Source: Zim records spike in colon cancer cases – NewsDay Zimbabwe
BY Phyllis Mbanje
CASES of colon and other digestive cancers are on the rise in Zimbabwe to add to the prevalence of infection-related cancers. Over the past few years, cancers related to the digestive system have been on the rise with a few public figures succumbing to the disease.
The late former Prime Minister Morgan Tsvangirai and of recent Patson Dzamara succumbed to colon cancer also known as colorectal cancer complications.
On Tuesday this week, former Zanu PF Harare provincial commissar Shadreck Mashayamombe publicly disclosed that he had been diagnosed with the disease.
“Sad to tell you that I have been diagnosed with colon cancer; I advise all young men and women to go for routine colorectal cancer screening. Pray for me as I battle against this monster. I am starting a new journey in my life,” he tweeted.
According to the Cancer Association of Zimbabwe (CAZ), colorectal cancers are cancers that start in the colon or the rectum. They are largely linked to Westernised diets which are usually low in fibre and high in fat and calories.
Research in this area has had mixed results. Some studies have found an increased risk of colon cancer in people who eat diets high in red meat and processed meat which is linked to 20% of all colorectal cancers.
Physical inactivity also puts one at risk as well as those who are obese.
“Colon cancer is cancer of the large intestine (colon), which is the final part of your digestive tract,” said CAZ official Lovemore Makurirofa.
“Most cases of colon cancer begin as small, noncancerous (benign) clumps of cells called adenomatous polyps.
“Over time, some of these polyps can become colon cancers. Polyps may be small and produce few, if any, symptoms. But if these polyps are seen early, they can be removed to help prevent colon cancer.”
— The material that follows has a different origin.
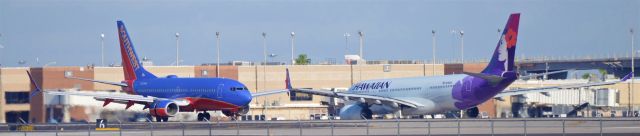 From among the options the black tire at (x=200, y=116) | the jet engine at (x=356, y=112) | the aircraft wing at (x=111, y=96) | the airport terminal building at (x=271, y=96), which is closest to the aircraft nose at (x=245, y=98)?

He explained that the colon absorbs water and salt from the remaining food matter after it goes through the small intestine (small bowel). The waste matter that’s left after going through the colon goes into the rectum, the final six inches of the digestive system. It is stored there until it passes out of the body.
Ring-shaped sphincter muscles around the anal hole keeps stool from coming out until they relax during bowel movement.
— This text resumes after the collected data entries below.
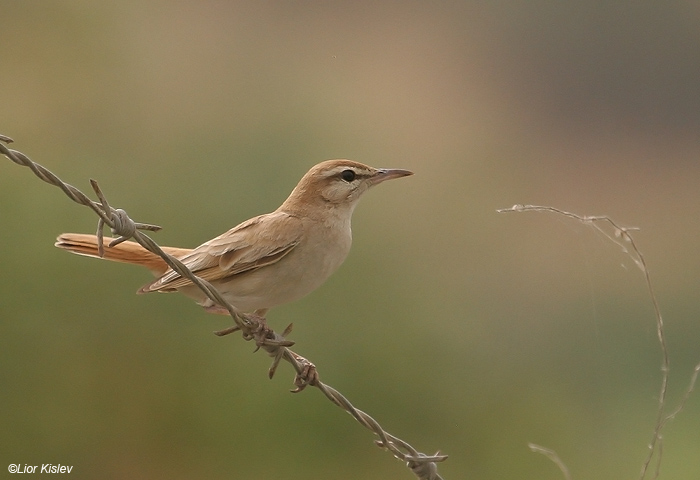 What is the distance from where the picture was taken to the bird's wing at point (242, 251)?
5.63ft

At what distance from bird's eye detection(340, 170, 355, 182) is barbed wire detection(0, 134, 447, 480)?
52 centimetres

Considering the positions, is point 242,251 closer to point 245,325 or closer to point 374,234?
point 245,325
On screening, Makurirofa said doctors recommend certain screening tests for healthy people with no signs or symptoms in order to look for signs of colon cancer or noncancerous colon polyps.
“Finding colon cancer at its earliest stage provides the greatest chance for a cure. Screening has been shown to reduce risk of dying of colon cancer. People with an average risk of colon cancer can consider screening beginning at age 50,” Makurirofa said.
But people with an increased risk, he said, such as those with a family history of colon cancer, should consider screening sooner.
However, Zimbabwe is still lagging behind in recommended screening for people between 50 and 75 because this cancer wasn’t as common as it is now. It is also very expensive and not readily accessible.
Some of the tests require specialists, with one having to go through their general practitioners.
“Several screening tests can be used to find polyps or colorectal cancer. Several screening options exist, each with its own benefits and drawbacks. Talk about your options with your doctor, and together you can decide which tests are appropriate for you,” Makurirofa said.